#### Your assignment:
Return exactly the lines of the records below, starting at the line that contains "Charming Downtown Crossing" and ending at the line that contains "CENTURION LOOP DETECTOR", with both of those lines kept.

#### Data section:
--*--
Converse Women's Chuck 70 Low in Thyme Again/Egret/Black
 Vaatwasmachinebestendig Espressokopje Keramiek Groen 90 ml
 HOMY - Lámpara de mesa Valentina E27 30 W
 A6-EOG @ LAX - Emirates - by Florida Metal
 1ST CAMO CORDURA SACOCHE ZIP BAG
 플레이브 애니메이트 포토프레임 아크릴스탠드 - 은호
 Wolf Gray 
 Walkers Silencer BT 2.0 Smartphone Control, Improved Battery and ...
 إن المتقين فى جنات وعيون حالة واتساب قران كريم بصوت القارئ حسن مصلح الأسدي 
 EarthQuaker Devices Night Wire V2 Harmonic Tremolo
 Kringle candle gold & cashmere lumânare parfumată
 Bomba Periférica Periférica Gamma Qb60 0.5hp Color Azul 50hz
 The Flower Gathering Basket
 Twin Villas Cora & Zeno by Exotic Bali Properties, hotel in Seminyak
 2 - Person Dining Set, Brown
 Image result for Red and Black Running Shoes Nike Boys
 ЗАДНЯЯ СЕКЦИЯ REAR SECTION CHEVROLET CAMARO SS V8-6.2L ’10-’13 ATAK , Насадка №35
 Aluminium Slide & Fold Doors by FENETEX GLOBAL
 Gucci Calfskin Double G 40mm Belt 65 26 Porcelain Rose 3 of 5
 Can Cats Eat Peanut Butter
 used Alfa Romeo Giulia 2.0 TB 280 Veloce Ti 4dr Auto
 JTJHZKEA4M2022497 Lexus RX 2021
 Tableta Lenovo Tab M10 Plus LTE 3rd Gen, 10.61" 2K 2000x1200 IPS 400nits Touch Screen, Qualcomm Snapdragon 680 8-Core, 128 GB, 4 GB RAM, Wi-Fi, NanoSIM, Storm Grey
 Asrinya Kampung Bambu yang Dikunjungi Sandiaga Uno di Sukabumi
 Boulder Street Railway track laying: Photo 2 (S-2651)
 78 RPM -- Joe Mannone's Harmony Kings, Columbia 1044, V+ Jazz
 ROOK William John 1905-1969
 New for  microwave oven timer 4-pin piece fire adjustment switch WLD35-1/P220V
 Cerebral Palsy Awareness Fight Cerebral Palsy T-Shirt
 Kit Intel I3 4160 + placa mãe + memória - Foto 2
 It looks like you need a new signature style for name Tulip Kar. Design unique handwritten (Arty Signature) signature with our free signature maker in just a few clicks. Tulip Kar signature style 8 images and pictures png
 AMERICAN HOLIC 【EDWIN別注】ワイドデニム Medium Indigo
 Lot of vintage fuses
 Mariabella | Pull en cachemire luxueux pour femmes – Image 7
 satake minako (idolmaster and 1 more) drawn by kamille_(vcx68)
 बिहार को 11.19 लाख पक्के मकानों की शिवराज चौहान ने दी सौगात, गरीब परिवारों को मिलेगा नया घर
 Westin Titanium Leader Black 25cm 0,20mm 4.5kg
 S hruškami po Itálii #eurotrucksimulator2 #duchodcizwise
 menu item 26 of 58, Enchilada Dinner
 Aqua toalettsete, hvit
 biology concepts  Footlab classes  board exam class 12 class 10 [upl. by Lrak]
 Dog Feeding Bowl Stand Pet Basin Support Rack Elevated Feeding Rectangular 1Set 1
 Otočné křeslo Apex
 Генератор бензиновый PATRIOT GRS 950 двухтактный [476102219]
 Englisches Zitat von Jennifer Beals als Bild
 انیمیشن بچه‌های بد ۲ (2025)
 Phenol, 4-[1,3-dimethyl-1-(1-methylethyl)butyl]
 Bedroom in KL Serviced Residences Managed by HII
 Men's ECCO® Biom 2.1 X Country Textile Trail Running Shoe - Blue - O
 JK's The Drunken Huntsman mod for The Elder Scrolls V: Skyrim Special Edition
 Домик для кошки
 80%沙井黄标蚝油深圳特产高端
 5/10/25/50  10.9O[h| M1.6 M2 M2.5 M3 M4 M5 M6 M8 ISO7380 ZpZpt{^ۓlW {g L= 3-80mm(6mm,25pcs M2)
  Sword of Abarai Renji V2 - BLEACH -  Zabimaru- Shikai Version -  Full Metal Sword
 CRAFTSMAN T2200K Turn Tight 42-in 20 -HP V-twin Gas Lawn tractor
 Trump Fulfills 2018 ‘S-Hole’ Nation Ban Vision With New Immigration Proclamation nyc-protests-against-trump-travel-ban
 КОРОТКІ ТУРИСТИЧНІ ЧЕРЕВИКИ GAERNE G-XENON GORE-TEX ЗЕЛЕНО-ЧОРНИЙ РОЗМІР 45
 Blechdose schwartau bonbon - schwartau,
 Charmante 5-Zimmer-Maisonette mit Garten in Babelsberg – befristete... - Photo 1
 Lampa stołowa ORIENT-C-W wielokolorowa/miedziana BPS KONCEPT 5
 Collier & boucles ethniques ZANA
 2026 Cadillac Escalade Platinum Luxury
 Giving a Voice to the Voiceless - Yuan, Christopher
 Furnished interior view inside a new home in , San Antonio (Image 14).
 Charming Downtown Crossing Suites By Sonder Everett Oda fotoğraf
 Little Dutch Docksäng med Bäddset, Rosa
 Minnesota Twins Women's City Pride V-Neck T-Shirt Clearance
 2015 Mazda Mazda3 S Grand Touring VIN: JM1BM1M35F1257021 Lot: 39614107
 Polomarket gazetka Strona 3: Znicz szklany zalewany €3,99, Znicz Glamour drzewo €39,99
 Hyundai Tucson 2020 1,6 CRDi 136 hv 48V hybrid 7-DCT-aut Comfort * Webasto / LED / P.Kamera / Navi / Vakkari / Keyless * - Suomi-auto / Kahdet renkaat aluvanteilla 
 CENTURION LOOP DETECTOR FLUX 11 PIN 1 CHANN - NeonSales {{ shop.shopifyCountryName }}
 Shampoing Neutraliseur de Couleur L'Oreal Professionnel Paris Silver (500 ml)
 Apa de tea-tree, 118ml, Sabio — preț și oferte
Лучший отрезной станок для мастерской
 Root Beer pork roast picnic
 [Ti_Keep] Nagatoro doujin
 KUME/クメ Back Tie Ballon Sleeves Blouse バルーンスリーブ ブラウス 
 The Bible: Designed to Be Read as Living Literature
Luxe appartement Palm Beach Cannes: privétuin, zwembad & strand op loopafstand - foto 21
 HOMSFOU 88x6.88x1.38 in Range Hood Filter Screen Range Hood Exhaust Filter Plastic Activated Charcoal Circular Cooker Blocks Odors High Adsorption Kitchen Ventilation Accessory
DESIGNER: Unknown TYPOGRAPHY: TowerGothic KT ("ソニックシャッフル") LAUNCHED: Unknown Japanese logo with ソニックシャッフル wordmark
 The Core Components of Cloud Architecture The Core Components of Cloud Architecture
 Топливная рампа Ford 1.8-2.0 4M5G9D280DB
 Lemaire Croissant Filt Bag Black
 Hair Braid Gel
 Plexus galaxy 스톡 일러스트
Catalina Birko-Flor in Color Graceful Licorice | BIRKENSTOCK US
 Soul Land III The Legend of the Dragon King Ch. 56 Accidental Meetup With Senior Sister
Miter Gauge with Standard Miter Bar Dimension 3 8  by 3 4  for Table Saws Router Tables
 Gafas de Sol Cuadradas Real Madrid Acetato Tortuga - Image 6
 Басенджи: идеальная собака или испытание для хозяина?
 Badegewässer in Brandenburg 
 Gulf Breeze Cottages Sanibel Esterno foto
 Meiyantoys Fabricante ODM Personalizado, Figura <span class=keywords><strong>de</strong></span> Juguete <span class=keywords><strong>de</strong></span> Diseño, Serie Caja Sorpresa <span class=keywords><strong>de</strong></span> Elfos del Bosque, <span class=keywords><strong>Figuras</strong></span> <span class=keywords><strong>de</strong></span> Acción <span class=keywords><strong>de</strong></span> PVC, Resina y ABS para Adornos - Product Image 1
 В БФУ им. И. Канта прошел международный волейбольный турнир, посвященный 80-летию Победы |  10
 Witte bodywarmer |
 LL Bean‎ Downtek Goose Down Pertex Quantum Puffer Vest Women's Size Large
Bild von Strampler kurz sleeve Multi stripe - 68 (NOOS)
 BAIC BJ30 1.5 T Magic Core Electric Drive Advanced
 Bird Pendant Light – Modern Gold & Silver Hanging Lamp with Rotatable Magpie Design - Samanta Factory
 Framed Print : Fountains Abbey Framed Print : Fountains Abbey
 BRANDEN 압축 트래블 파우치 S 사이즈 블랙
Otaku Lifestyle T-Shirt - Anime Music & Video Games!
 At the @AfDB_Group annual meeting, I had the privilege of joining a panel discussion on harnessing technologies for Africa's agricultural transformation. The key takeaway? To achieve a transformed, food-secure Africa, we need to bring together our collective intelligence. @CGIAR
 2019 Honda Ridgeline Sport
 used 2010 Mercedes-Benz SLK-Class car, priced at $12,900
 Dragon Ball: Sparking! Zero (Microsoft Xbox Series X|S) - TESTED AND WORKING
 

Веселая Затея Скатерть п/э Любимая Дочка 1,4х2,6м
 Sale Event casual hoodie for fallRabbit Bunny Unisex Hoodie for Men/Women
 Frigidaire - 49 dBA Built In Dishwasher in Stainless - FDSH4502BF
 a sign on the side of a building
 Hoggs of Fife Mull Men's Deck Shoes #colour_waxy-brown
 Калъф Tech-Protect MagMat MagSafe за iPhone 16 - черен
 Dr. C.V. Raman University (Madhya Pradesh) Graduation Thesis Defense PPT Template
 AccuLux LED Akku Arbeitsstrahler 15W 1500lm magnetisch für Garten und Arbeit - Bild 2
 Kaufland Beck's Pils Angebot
--*--
#### Response area:
 Charming Downtown Crossing Suites By Sonder Everett Oda fotoğraf
 Little Dutch Docksäng med Bäddset, Rosa
 Minnesota Twins Women's City Pride V-Neck T-Shirt Clearance
 2015 Mazda Mazda3 S Grand Touring VIN: JM1BM1M35F1257021 Lot: 39614107
 Polomarket gazetka Strona 3: Znicz szklany zalewany €3,99, Znicz Glamour drzewo €39,99
 Hyundai Tucson 2020 1,6 CRDi 136 hv 48V hybrid 7-DCT-aut Comfort * Webasto / LED / P.Kamera / Navi / Vakkari / Keyless * - Suomi-auto / Kahdet renkaat aluvanteilla 
 CENTURION LOOP DETECTOR FLUX 11 PIN 1 CHANN - NeonSales {{ shop.shopifyCountryName }}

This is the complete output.